Okay, the dust has settled from this morning’s freneticism.
Nothing has been decided about the bathtub drain, although I did determine, by poking around with an orange stick, that the exit hole in that drain is amazingly small. It may be that the drain is slow because it’s just built that way. This is something I will think on.
The dogs have settled down, apparently having yapped themselves into a stupor. As Catseye pointed out at this morning’s post, there’s nothing like a barking dog to spike your blood pressure. Indeed, that was the reason Cassie’s previous humans cited for dumping her at the dog pound. Ruby, however, is not a barker; she usually will not rise to the barking bait even when Cassie is baying. There actually has to be something going on to cause Ruby to bark.
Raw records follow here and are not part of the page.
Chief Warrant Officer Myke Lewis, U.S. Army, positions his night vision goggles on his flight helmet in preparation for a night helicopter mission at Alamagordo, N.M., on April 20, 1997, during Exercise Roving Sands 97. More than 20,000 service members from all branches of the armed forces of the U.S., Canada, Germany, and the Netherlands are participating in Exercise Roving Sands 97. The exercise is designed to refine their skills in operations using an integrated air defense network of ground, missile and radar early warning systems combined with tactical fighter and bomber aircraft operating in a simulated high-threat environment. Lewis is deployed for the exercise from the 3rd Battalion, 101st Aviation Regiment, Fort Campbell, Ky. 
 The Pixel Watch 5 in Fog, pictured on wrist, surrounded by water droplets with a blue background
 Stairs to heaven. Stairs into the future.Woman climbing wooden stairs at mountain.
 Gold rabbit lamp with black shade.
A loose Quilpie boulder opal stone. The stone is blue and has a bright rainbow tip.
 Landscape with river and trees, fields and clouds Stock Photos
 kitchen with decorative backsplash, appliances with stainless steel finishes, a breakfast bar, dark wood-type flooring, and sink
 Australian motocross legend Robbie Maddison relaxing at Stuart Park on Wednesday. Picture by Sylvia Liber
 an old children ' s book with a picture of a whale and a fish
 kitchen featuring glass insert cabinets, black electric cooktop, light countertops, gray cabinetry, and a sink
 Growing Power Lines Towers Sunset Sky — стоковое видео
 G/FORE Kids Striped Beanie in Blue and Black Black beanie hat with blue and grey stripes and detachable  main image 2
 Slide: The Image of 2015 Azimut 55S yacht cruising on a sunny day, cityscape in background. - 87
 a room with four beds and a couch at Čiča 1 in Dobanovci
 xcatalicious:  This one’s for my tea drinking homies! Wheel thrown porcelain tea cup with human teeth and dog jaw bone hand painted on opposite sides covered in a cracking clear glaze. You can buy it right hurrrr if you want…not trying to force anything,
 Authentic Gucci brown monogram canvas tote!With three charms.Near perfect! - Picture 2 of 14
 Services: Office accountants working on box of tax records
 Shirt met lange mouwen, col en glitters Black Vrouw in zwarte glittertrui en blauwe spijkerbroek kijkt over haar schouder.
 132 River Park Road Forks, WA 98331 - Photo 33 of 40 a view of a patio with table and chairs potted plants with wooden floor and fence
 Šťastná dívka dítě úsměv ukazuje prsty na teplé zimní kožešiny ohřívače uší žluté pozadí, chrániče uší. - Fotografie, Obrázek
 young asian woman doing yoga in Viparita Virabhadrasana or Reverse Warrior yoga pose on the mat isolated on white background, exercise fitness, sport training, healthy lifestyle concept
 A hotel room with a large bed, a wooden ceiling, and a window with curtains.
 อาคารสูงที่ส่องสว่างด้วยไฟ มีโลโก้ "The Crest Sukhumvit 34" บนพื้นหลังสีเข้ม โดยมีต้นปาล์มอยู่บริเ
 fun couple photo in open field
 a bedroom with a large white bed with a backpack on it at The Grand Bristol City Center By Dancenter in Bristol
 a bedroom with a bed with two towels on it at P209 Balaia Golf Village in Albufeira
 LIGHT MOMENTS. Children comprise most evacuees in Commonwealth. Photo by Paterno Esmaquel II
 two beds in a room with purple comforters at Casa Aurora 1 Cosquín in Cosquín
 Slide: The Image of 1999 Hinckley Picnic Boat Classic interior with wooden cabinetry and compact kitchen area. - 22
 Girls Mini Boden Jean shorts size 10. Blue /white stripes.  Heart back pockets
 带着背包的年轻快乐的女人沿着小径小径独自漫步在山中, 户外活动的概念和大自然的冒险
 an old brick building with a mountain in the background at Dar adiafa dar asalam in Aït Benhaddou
The going-on, as noted, was the joy of young children playing on the street, it being a school holiday. Arf!
The kids have now gone even further on to bigger and better things, probably televised, and so the hounds are napping.
Out at the pool, which has been shut off for the past several days pending arrival of a repairman, the following Discoveries were discovered:
• The pressure gauge is not, after all, busted. With a little fiddling, I fixed it.
• Harvey the Hayward Pool cleaner stopped dead in the water NOT because the pressure gauge was broken or because much of anything else was wrong with the pump and filter, but because he had ingested a pecan, kindly dropped into the pool by a passing bird.
Those birds do that all the time. My challenge is to train the critters to deposit the pecans, preferably un-nibbled, right outside the back door, thankyouverymuch.
So with great pleasure I called off the pool repairman.
Planning to dump a bag and a half of pool shock into the drink, I tested the pool water first. Good thing: Acid level was normal; chlorine level was so high it turned the yellow test color to orange. Ooohkay…that explains why no algae has been growing in those much-neglected precincts. It also excused me from having to shock the pool, lhudly sing huzzah.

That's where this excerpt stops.